This article is about one month old but I just saw it. Good for Fort Worth, especially homeowners, and Texas which has 4 of the top 10 (bye-bye California):
Fort Worth is one of four Texas markets that are among the nation's "healthiest" housing markets, according to Jed Kolko, chief economist for real estate information site Trulia. By healthiest, Kolko explains, he doesn't just mean that home prices are rising -- "because many of the markets with the largest price gains in 2012 were rebounding from huge price declines during the bust, but they still have weak fundamentals," he says.
Here are his fundamentals: strong job growth (supporting housing demand); low vacancy rates; and low foreclosure inventory.
Those are his markers, and here are his picks: 1. Houston; 2. San Francisco; 3. Bethesda-Rockville-Frederick, Md.; 4. San Antonio; 5. Austin; 6. Seattle; 7. Omaha; 8. Peabody, Mass. (Boston suburban); 9. Fort Worth; 10. Louisville.
Read more here:
Tarrant Business
2 comments:
Is it time to buy or time to sell?!
You know I don't think it matters in Fort Worth right now, which is part of the point of the article.
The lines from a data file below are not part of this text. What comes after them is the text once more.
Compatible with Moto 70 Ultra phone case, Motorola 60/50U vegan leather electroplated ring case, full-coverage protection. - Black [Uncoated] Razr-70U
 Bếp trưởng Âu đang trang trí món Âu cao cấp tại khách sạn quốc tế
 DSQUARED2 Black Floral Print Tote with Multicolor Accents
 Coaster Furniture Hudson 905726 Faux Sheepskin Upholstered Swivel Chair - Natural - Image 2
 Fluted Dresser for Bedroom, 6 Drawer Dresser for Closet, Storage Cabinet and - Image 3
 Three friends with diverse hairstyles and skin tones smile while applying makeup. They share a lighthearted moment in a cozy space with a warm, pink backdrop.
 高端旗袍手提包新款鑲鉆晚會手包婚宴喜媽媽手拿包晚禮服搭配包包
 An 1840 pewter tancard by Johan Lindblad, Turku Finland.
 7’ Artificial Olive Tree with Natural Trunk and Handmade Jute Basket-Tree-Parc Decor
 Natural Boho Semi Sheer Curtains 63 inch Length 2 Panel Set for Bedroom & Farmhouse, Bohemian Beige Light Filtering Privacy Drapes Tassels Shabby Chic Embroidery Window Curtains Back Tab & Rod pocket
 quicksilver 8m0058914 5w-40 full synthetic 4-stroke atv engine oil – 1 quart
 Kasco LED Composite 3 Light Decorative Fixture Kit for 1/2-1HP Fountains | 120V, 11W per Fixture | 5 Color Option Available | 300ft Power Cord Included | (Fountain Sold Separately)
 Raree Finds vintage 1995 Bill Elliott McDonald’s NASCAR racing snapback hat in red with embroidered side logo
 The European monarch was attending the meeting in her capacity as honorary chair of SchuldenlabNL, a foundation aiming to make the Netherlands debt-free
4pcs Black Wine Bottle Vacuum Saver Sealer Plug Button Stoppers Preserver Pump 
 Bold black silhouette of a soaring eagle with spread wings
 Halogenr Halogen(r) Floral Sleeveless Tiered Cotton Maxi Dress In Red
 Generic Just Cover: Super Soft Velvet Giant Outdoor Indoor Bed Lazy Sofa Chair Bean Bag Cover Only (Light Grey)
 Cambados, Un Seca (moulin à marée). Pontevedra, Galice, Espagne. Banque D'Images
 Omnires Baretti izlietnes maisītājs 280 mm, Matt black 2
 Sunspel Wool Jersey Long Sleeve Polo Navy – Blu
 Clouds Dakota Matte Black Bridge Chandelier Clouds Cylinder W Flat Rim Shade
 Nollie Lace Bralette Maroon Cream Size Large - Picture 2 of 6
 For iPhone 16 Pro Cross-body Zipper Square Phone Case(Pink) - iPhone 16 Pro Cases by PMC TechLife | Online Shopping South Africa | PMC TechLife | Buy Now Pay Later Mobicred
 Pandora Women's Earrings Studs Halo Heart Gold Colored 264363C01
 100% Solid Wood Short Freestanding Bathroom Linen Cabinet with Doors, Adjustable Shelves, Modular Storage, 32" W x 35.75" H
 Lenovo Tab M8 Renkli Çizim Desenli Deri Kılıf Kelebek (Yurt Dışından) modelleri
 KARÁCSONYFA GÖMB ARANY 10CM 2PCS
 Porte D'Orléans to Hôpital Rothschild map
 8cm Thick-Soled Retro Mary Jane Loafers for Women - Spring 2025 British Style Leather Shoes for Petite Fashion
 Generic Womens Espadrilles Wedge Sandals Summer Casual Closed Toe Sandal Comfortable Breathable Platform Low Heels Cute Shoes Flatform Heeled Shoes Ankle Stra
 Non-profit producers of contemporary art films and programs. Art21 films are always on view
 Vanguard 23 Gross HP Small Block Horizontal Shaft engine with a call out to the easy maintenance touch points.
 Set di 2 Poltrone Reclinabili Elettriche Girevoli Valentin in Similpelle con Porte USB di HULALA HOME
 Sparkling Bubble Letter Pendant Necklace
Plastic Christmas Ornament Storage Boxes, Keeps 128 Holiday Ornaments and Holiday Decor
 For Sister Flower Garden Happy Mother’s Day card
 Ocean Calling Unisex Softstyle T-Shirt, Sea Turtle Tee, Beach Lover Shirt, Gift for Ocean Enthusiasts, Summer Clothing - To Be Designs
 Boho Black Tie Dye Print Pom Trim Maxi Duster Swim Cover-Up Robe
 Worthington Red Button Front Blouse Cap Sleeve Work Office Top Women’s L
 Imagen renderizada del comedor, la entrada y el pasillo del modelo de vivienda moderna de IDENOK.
That is, a good housing market is supported by a growing city with a broad economic base, which we have, and where prices are not wildly fluctuating one way or other.
On the down side and unrelated to the local economy is the fact that it's just damned hard to get a mortgage these days, which is bad for buyers and sellers and renters (more renters = less supply = higher rent). Home owners wanting to move do better renting than selling. I hear money is "supposed" to be loosening up for the borrower.
For now renters are getting the worst of it -- but the mortgage deduction is going buy-buy in the car-car and that hurts homeowners.
Conclusion, John: flip a coin because no one knows for sure.